When the market heads south, investors usually flock to the safety of treasury securities, hard assets, buoyant sectors like healthcare, and big-brand companies, like Procter & Gamble, that sell consumer necessities. But there are also lesser-known pockets of the economy that tend to hold up in down markets like these. So-called "sin" stocks—of companies focused on alcohol, tobacco, gambling, and defense—fall into that category.
Think about it this way: Consumers don't give up necessities like toothpaste and laundry detergent in tough economic times. And they don't kick their habits, either. That's one idea behind the $143 million Vice Fund. Ironically, comanager Charles Norton doesn't think of the four pillars of his investment focus in terms of "vices," and certainly not as "sin stocks." Here's how he puts it: "We just focus on four sectors that deliver long-term gains in a variety of different market environments. Consumers enjoy alcohol and tobacco regardless of what's going on in the economy." Here's the scoop on Norton's outlook for each of the fund's four sectors, along with stock picks:
Booze. Emerging markets are the key driver for brewers, says Norton. Accordingly, he targets companies with the most exposure to these fast-growing countries. Brewers have suffered somewhat from higher input costs for things like barley and aluminum. "Pricing power remains strong, though, and the brewers have been successful in recovering most cost increases by hiking prices," he says. Relatively, distillers have been less affected by the same cost pressures, and spirits growth remains robust. In this space, Norton likes industry leader Diageo (symbol DEO), which has a large international distribution network and is gaining market share in many key spirits categories. "It's the 800-pound gorilla in categories like vodka and tequila that are growing even faster than the overall spirits market," Norton says. The stock, at $74, has held steady this week.
Smokes. Since tobacco companies have strong pricing power, they're relatively insulated from inflationary cost pressures, Norton says: "Many cigarette-makers have pristine balance sheets with little or no leverage and are buying back stock." Internationally, emerging-market consumers continue to trade up to higher-priced, international brands, like Marlboro. Although cigarette volumes in the United States have been in a steady decline for years, the menthol segment is gaining share. To that end, one of Norton's top picks is Lorillard (LO), the maker of Newport brand cigarettes, which has a "pristine balance sheet." The company is an attractive takeover candidate in this consolidating industry, Norton says. Lorillard also has plenty of room for geographic expansion. Its shares have had ups and downs over the past few months, but the stock, at $73, is down less than 5 percent from mid-June.

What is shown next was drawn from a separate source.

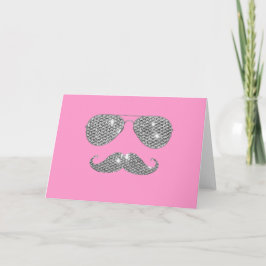 Funny Diamond Mustache met bril Kaart
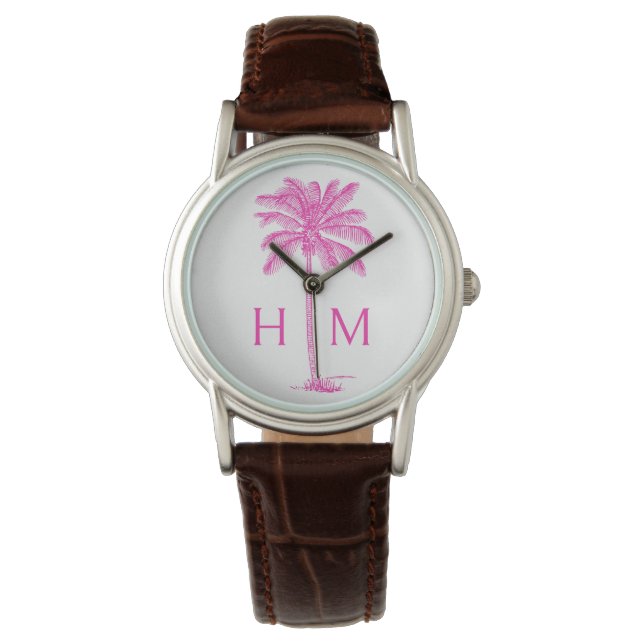 Roze en Witte Palmboom Monogram Horloge (Voorkant)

Slots. Gaming's had a tough time. Challenges facing casino operators include highly leveraged balanced sheets and declining cash flow as consumers curtail discretionary spending. Norton doesn't see a near-term turnaround in casino gaming (the fund's holdings in that category have dragged down the fund's returns over the past year, although its three- and five-year performance is ahead of the S&P 500). "We've been pretty lean for a while, but we're still finding some opportunities," he says. Lately, opportunity in the gaming sector has been in the makers of slot machines. That includes WMS Industries (WMS), which "longer term...should be a huge beneficiary of server-based gaming, the next significant technological development in the slot industry," according to Norton. WMS also is gaining market share in its niche and expanding overseas. Although shares, which recently traded at $31, took a dive mid-summer, they're now up $1 over the past year.
Defense. Historically, defense stocks have performed well in election years. These companies tend to benefit "when budget authority on procurement and development is on the rise, and we expect it to increase for at least a year, regardless of the election," says Norton. He favors Lockheed Martin (LMT), which is riding high on the strong defense budget. "The aging U.S. military aircraft desperately needs to be recapitalized," he says. Lockheed's aeronautics unit, which currently makes up about 30 percent of sales—and its F-35 program in particular—should drive growth in the coming years. The company's stock, which has been on a steady rise in this decade, is up nearly 15 percent over the past year.